_PROBLEM REQUIREMENTS_
Please give the data again in full, precisely as it is written.

(Stored data entries)
□ □ □ □
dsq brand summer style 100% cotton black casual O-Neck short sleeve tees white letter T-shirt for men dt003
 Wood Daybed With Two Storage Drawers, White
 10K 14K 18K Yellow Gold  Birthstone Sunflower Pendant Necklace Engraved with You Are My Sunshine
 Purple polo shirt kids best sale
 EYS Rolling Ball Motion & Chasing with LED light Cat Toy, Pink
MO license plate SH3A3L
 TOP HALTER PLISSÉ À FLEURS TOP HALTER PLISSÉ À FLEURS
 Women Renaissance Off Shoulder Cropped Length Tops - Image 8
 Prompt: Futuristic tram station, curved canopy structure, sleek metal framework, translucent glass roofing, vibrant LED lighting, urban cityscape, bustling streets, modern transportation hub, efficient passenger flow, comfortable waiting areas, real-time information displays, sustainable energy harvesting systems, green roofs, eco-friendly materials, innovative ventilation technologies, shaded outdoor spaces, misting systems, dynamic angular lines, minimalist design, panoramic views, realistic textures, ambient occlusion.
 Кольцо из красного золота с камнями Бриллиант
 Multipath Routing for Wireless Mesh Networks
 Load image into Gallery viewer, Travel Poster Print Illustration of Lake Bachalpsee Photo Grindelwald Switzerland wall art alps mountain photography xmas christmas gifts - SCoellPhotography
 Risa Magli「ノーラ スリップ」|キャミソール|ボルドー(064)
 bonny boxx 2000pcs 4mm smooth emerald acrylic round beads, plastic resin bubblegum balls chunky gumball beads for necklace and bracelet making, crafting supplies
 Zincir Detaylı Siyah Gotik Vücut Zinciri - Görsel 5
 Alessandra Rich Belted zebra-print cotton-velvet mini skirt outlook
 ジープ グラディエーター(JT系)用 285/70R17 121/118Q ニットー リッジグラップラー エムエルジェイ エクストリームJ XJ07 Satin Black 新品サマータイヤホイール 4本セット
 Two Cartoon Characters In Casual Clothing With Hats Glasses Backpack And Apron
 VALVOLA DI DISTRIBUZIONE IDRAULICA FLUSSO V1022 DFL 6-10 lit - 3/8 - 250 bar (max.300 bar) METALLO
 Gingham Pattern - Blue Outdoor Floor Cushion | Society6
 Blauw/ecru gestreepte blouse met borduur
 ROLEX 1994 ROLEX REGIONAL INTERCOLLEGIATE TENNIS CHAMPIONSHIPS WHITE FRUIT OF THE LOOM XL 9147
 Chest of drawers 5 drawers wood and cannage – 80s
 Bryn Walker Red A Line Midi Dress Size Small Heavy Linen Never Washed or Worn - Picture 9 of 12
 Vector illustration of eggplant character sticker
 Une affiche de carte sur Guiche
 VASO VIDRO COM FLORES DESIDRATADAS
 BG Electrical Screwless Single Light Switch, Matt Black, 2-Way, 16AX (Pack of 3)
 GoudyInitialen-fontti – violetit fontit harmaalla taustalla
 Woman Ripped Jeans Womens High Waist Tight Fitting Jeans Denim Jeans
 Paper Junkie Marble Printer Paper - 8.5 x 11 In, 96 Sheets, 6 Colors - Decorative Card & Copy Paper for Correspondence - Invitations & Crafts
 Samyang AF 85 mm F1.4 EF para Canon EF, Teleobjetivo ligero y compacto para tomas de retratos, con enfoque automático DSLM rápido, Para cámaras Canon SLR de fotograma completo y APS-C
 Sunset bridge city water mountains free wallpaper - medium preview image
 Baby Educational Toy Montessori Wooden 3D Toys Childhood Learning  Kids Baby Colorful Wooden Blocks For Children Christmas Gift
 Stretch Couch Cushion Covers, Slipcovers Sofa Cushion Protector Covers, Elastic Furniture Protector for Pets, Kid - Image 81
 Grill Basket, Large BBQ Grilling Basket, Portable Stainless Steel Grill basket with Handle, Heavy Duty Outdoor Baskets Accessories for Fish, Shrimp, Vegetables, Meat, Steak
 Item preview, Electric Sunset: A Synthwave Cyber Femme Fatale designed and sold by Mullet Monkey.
□ □ □ □
_SOLUTION BELOW_
dsq brand summer style 100% cotton black casual O-Neck short sleeve tees white letter T-shirt for men dt003
 Wood Daybed With Two Storage Drawers, White
 10K 14K 18K Yellow Gold  Birthstone Sunflower Pendant Necklace Engraved with You Are My Sunshine
 Purple polo shirt kids best sale
 EYS Rolling Ball Motion & Chasing with LED light Cat Toy, Pink
MO license plate SH3A3L
 TOP HALTER PLISSÉ À FLEURS TOP HALTER PLISSÉ À FLEURS
 Women Renaissance Off Shoulder Cropped Length Tops - Image 8
 Prompt: Futuristic tram station, curved canopy structure, sleek metal framework, translucent glass roofing, vibrant LED lighting, urban cityscape, bustling streets, modern transportation hub, efficient passenger flow, comfortable waiting areas, real-time information displays, sustainable energy harvesting systems, green roofs, eco-friendly materials, innovative ventilation technologies, shaded outdoor spaces, misting systems, dynamic angular lines, minimalist design, panoramic views, realistic textures, ambient occlusion.
 Кольцо из красного золота с камнями Бриллиант
 Multipath Routing for Wireless Mesh Networks
 Load image into Gallery viewer, Travel Poster Print Illustration of Lake Bachalpsee Photo Grindelwald Switzerland wall art alps mountain photography xmas christmas gifts - SCoellPhotography
 Risa Magli「ノーラ スリップ」|キャミソール|ボルドー(064)
 bonny boxx 2000pcs 4mm smooth emerald acrylic round beads, plastic resin bubblegum balls chunky gumball beads for necklace and bracelet making, crafting supplies
 Zincir Detaylı Siyah Gotik Vücut Zinciri - Görsel 5
 Alessandra Rich Belted zebra-print cotton-velvet mini skirt outlook
 ジープ グラディエーター(JT系)用 285/70R17 121/118Q ニットー リッジグラップラー エムエルジェイ エクストリームJ XJ07 Satin Black 新品サマータイヤホイール 4本セット
 Two Cartoon Characters In Casual Clothing With Hats Glasses Backpack And Apron
 VALVOLA DI DISTRIBUZIONE IDRAULICA FLUSSO V1022 DFL 6-10 lit - 3/8 - 250 bar (max.300 bar) METALLO
 Gingham Pattern - Blue Outdoor Floor Cushion | Society6
 Blauw/ecru gestreepte blouse met borduur
 ROLEX 1994 ROLEX REGIONAL INTERCOLLEGIATE TENNIS CHAMPIONSHIPS WHITE FRUIT OF THE LOOM XL 9147
 Chest of drawers 5 drawers wood and cannage – 80s
 Bryn Walker Red A Line Midi Dress Size Small Heavy Linen Never Washed or Worn - Picture 9 of 12
 Vector illustration of eggplant character sticker
 Une affiche de carte sur Guiche
 VASO VIDRO COM FLORES DESIDRATADAS
 BG Electrical Screwless Single Light Switch, Matt Black, 2-Way, 16AX (Pack of 3)
 GoudyInitialen-fontti – violetit fontit harmaalla taustalla
 Woman Ripped Jeans Womens High Waist Tight Fitting Jeans Denim Jeans
 Paper Junkie Marble Printer Paper - 8.5 x 11 In, 96 Sheets, 6 Colors - Decorative Card & Copy Paper for Correspondence - Invitations & Crafts
 Samyang AF 85 mm F1.4 EF para Canon EF, Teleobjetivo ligero y compacto para tomas de retratos, con enfoque automático DSLM rápido, Para cámaras Canon SLR de fotograma completo y APS-C
 Sunset bridge city water mountains free wallpaper - medium preview image
 Baby Educational Toy Montessori Wooden 3D Toys Childhood Learning  Kids Baby Colorful Wooden Blocks For Children Christmas Gift
 Stretch Couch Cushion Covers, Slipcovers Sofa Cushion Protector Covers, Elastic Furniture Protector for Pets, Kid - Image 81
 Grill Basket, Large BBQ Grilling Basket, Portable Stainless Steel Grill basket with Handle, Heavy Duty Outdoor Baskets Accessories for Fish, Shrimp, Vegetables, Meat, Steak
 Item preview, Electric Sunset: A Synthwave Cyber Femme Fatale designed and sold by Mullet Monkey.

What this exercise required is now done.